*Work request:* Please repeat the data below exactly, with the pictures removed.

*Dataset section:*
+===+

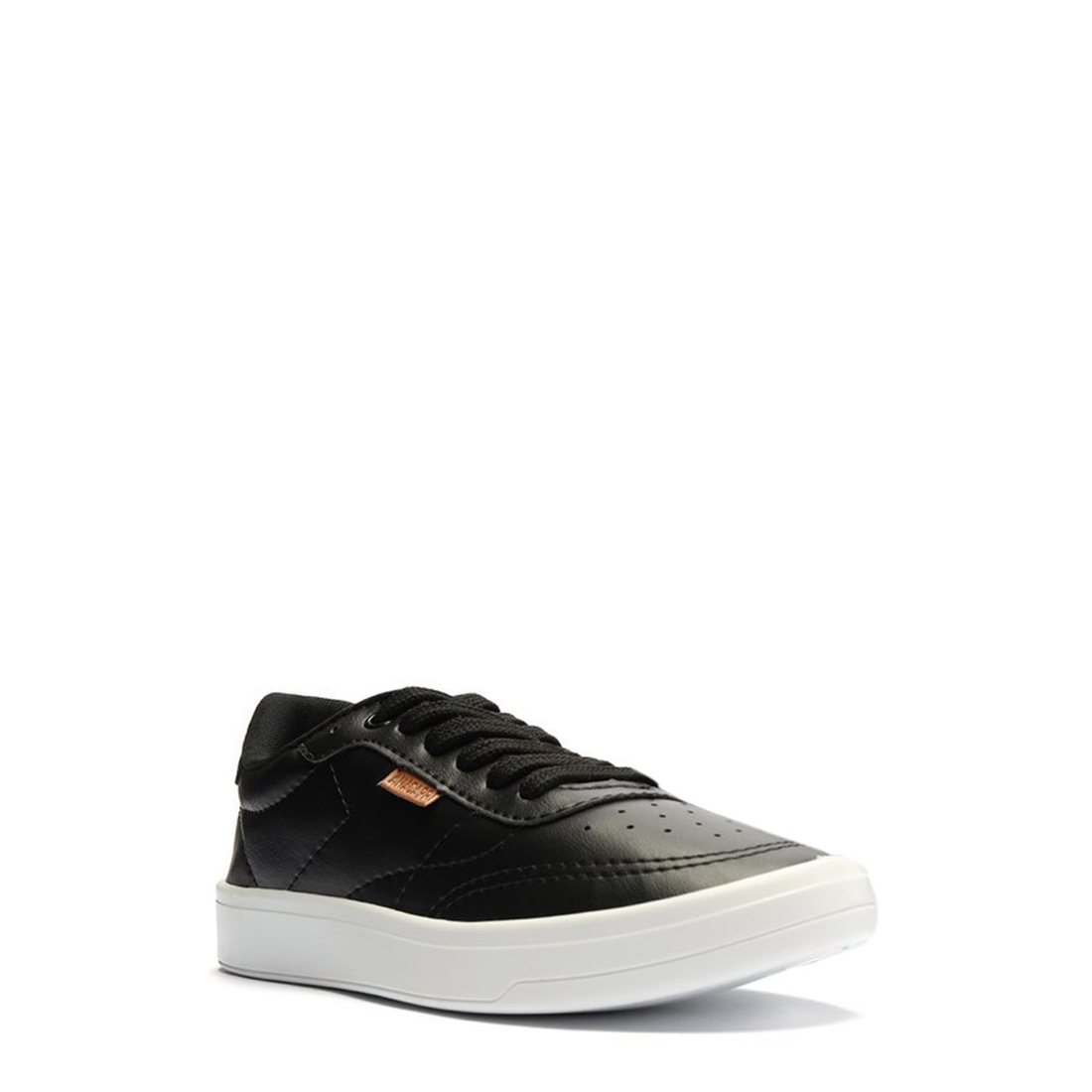 TENIS ECO NAPA PRETO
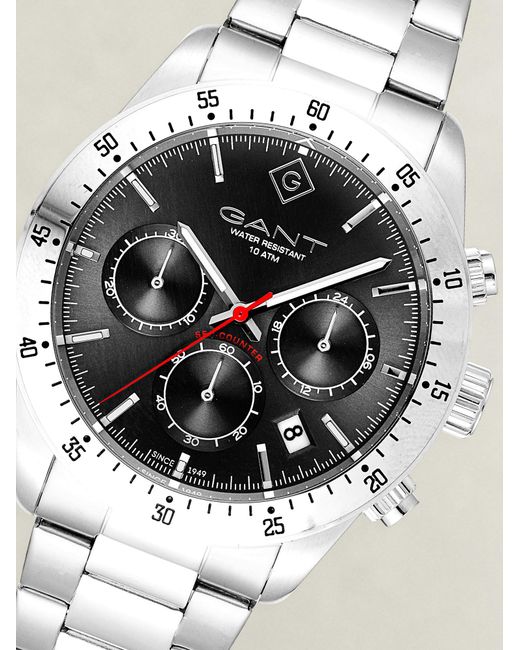 Gant Uhr in Gray für Herren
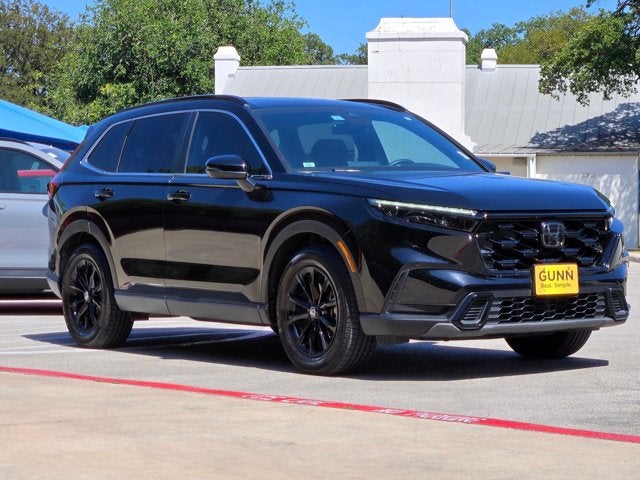 2024 Honda CR-V Hybrid Sport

+===+

*Response to this exercise:*
 TENIS ECO NAPA PRETO
 Gant Uhr in Gray für Herren
 2024 Honda CR-V Hybrid Sport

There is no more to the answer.